Buy the rumor, sell the news. It is one of the oldest, most well known trading axioms in the book, and one that everyone always seems to manage to forget. The recent rise in the price of gold ($350) and oil ($33) are reflecting the fear, uncertainty and anticipation of war. The Battle of Iraq will begin in the first quarter of 2003. A decisive resolution to the Iraq situation, which like in 1992 is likely, will decisively reverse the price trends of these commodities.
Just as in the last war with Iraq, the prices of these commodities rose in anticipation of war, but stood down almost immediately after the bombing began. This time will likely be no different. Once it becomes clear that the U.S. is on the way to full control over the oil supplies in Iraq (2nd largest reserve in the world), oil prices will fall. Gold, as a calamity hedge, will fail to breach $400 /oz and as calamity fails to materialize, fall back to under $308 / oz.
From a longer term perspective, however, it is clear that the United States is on a warpath, and Iraq is but one battle. The next, more complex and challenging target will be North Korea, but that is another story. The vague war against the 'Axis of Evil' that the U.S. has embarked upon will go on and on for years to come and will drive and shape our domestic economy in ways that we cannot currently imagine. Over time, there is no doubt that gold and oil will rise to heights beyond current belief, but not in 2003.

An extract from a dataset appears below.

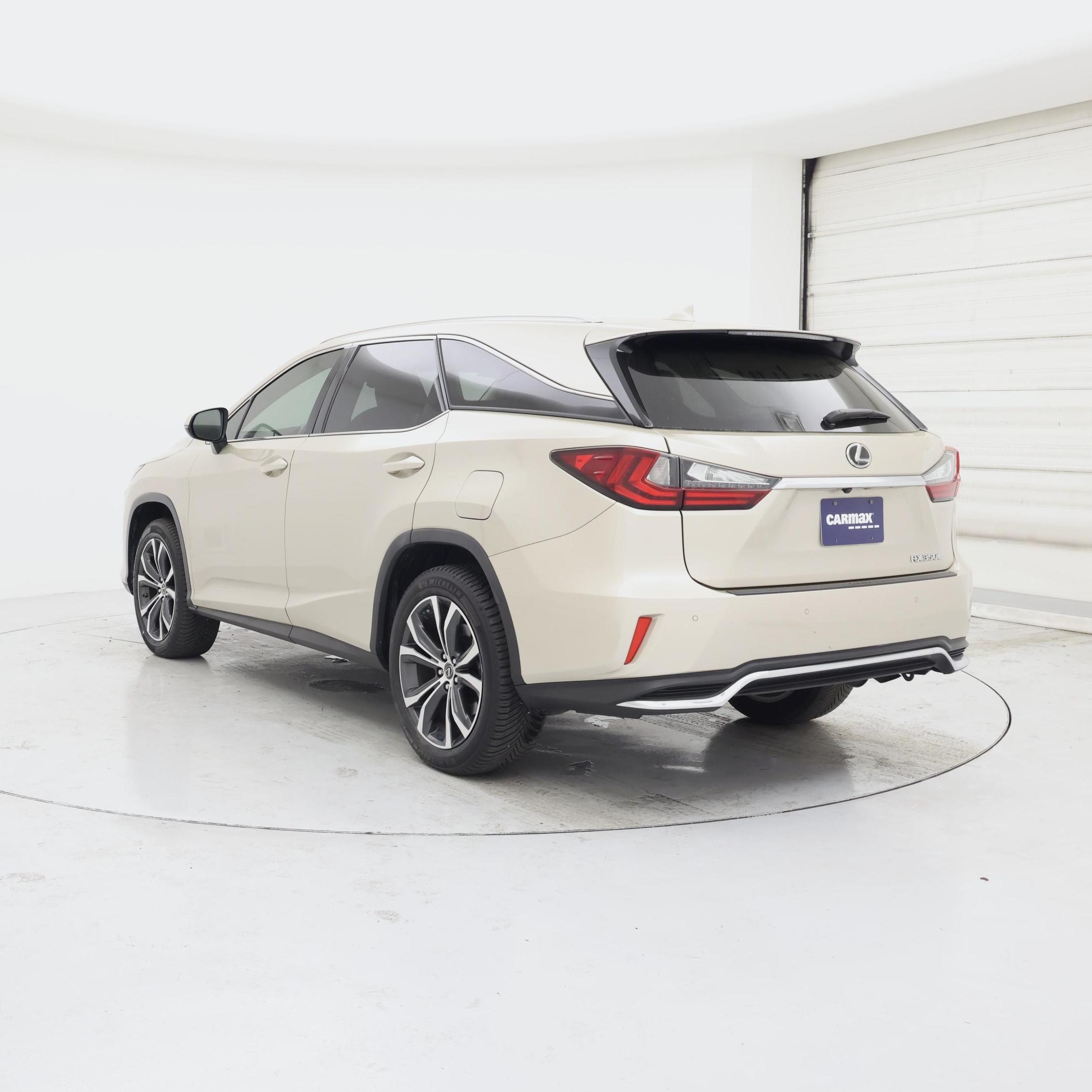 Thumbnail: 2019 Lexus RX - 2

Falling gold and oil prices will contribute to, and confirm the reality of a global deflationary spiral. Japan has seen it for the past 12 years. A deflationary spiral means that the price of nearly everything falls in relation to the purchasing power of cash. This is the result lack of demand, which is the result of a lack of money which is the result of massive liquidations of debt. It is important to remember that "money" really doesn't exist any more - one entity's debt is simply another entity's asset and vice versa. For example, the "money" in your bank account (your asset) is simply money that you have loaned (or given) to another entity (the bank) for their productive use (their liability). Your "money" in the stock market is financing who knows what kind of activities? Should the counter parties to your assets decide that they cannot repay their debt and default (the way Enron, Worldcom and UAL have), what you believed to be a rock-solid asset simply disappears. Poof. This leads first to falling prices in the stock market, which we have already begun to see, then falling prices in every sector of the economy, which we are only just beginning to witness.

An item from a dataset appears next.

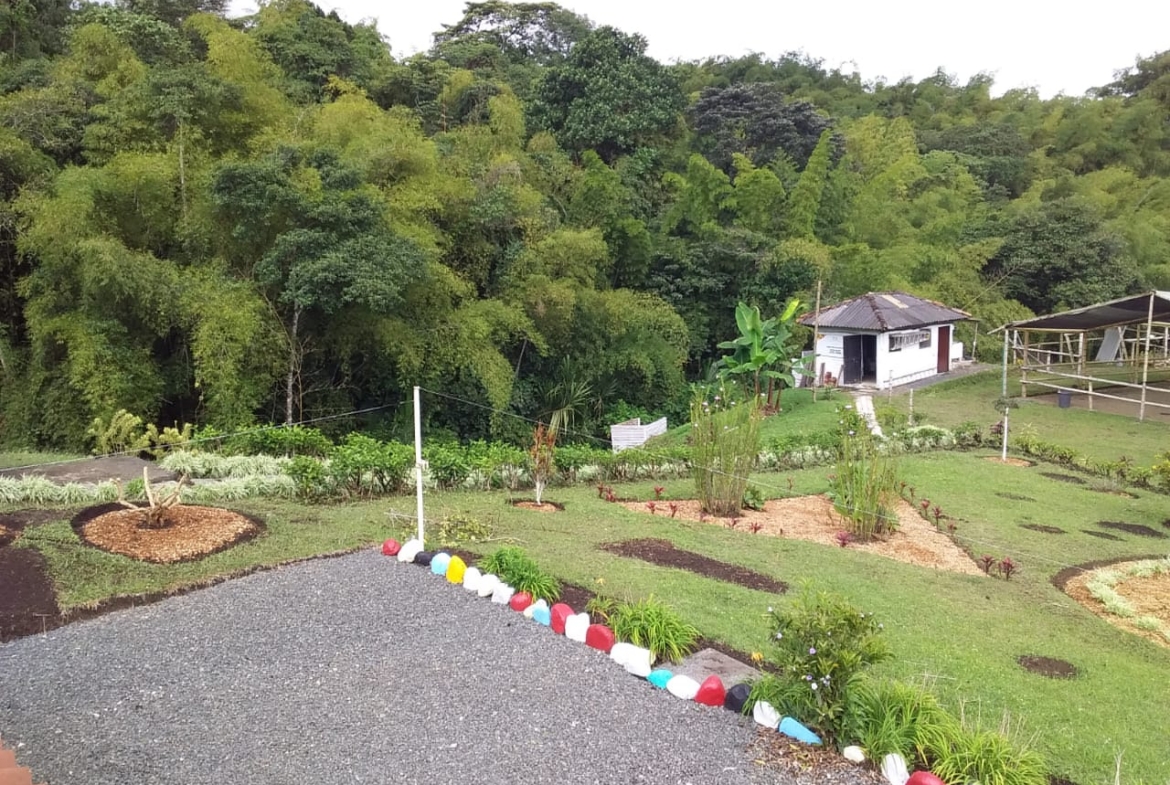 SE VENDE HERMOSA FINCA DE RECREO VIA A ARMENIA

For future consideration, remember that all of our dollars are ultimately the liability of the U.S. government - an entity that is already $6.5 trillion in debt. In the long term, there is only one way for the government to pay this enormous sum back, and that is to inflate the currency to oblivion. As I stated, the financial world moves at glacial speed, and this eventuality is still years away. But it is clear that the necessary prerequisites for future inflation are firmly in place in the United States. We have rock bottom interest rates, a declining dollar, rising imports, and falling exports. But the current countervail to these factors that will hold inflation in check throughout 2003 are rising unemployment, lackluster corporate profitability, falling consumer spending, and the massive liquidation debt in all sectors of the economy.
Furthermore, there is the matter of China
China has become the world's premier manufacturing outlet, offering the lowest cost of production anywhere on the planet. China's exports to the U.S. rose again last year and account for 10% of all U.S. imports. They are low cost leaders in apparel, furniture, telecom and electronics, and their products have deep penetration throughout the world. China is first in the world in foreign direct investment, and they enjoy a huge trade surplus with the U.S. China has $275 billion in foreign exchange reserves - second only in the world to Japan. As the rest of the world struggled, China's economy grew by 8% last year.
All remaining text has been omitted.